Florida has become the poster child for eroding freedom of expression in their public colleges.  Can Connecticut learn from its example and become a model for how to preserve the unfettered exchange of ideas at its own state institutions of higher learning?

The recent barring of Florida public university professors from testifying against the state in a voter rights case highlights the erosion of freedom of speech in its universities.  Although this decision has been rescinded in response to protests and broad condemnation, it is hardly the only example of attempts to chill speech.   Florida has instituted an annual viewpoint audit for its state universities.  It almost certainly will provide an opportunity for Republican Governor Rick DeSantis and legislators to intervene under the banner of political diversity to push their own partisan agenda.

Particularly disturbing is the new Florida bill passed to authorize the recording of classes by students without the permission of professors.  It is no accident that such class recordings are to be made even when faculty members object. Student recording is intended as a way to monitor what professors say to their students.  Capturing allegedly liberal bias on tape is part of a broader agenda of surveillance emerging from a deep-seated belief on the political right that a variety of institutions (media, universities, civil society NGOs) are aligned against their fundamental principles—and, ultimately, it is intended to intimidate political opponents.

Recording without consent can have an extraordinary chilling effect not only on professors, but on students as well.  The very possibility of student discussions being kept permanently and perhaps widely circulated will irrevocably alter the atmosphere of candid exchange at the core of intellectual inquiry.   Classrooms are supposed to be places where new ideas, competing —sometimes disfavored opinions— are raised, and controversial topics openly discussed.  “Scholarship cannot flourish,” the Supreme Court declared nearly 70 years ago, “in an atmosphere of suspicion and distrust.”  Our current culture of denunciation reminds us how easily statements are quoted out of context.  Who knows what comments made in a classroom might be used against a student years later?

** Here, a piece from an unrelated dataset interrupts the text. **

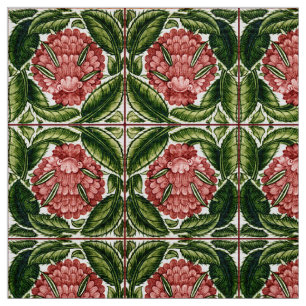 Gammal botanisk Victoriandesign för textilar Tyg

Consider what might happen to an international student describing human rights abuses in their home country when an authoritarian regime hears the tape and targets the student or their family.  Or imagine how a future judicial nominee might have embarrassing mistakes from years earlier recirculated in the midst of a confirmation process.  A student who discusses controversial social issues concerning abortion, gender fluidity, racism, or civil liberties does so at the risk that their comments might resurface at a time when norms have changed or in ways that they might be misconstrued out of context.  No genuine  safeguards exist to prevent a student enrolled in a course from making further copies of recordings posted automatically online.

Until this point, general cultural norms protected speech in Connecticut’s public universities.  But the threat of recorded classes—sometimes promoted by shortsighted administrators or students seeking convenience as well as those seeking to regulate the speech of others—poses a new threat that should be countered by legislation prohibiting classroom recording without the consent of instructors.

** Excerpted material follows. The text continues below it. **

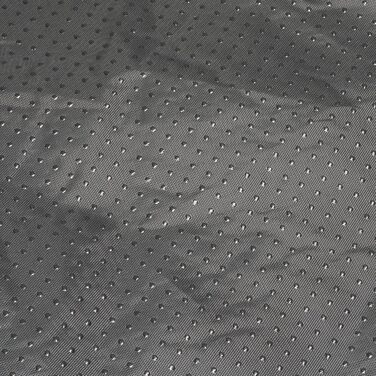 Кругле плюшеве ліжко для собак та котів Fur & Bone, 60 см, темно-сірий, самонагріваючеся, з водонепроникною основою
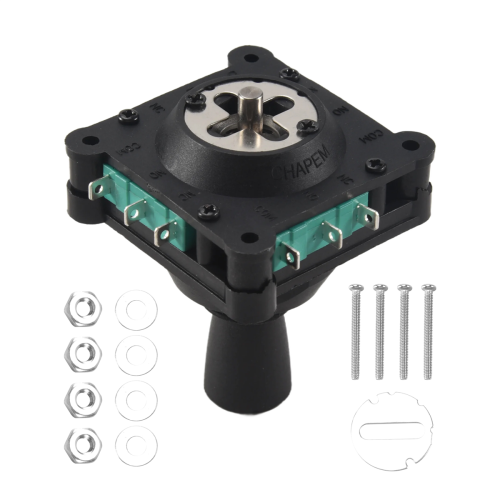 Joystick Switch AC 240V 5A 4NO 4NC Momentary 2.5mm Fixing Thread 2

In the area of Freedom of Information Act (FOIA), Connecticut also has been lagging in its response.  Conservative political groups have been demanding access to the email of faculty at public colleges by filing FOIA requests.  FOIA was intended to provide transparency so the workings of government should be visible to its citizens.  But FOIA has been used to lift statements from faculty email that involve scientific research over climate change, political observations made between colleagues, and responses to students that would otherwise be confidential.  The purpose behind many of these FOIA requests is —as it is with classroom recording— to make a case for academic liberal bias.

As taxpayers, Connecticut citizens have every right to see how their tax dollars are being spent.  Unpublished scientific research, frank and unvarnished discussions among scholars, and pedagogic discussions, however, are best left confidential.  To publicize such material assembled from emails takes away a most fundamental form of human agency —deciding when thoughts are ready to be inscribed in a more permanent or widely circulating medium.  Connecticut is ranked poorly among states in its protection of academic speech from unwarranted FOIA requests.  The state legislature should consider a bill that creates a FOIA exception for deliberative processes, academic and scientific research, pedagogic materials and evaluation of student work, and trade secrets.

It is an unfortunate sign of our times that we need to consider new legislation to protect old liberties.  But Florida’s example reminds Connecticut what it needs to defend.

Steven Wilf  is a Professor of Global Commerce at the University of Connecticut Law School.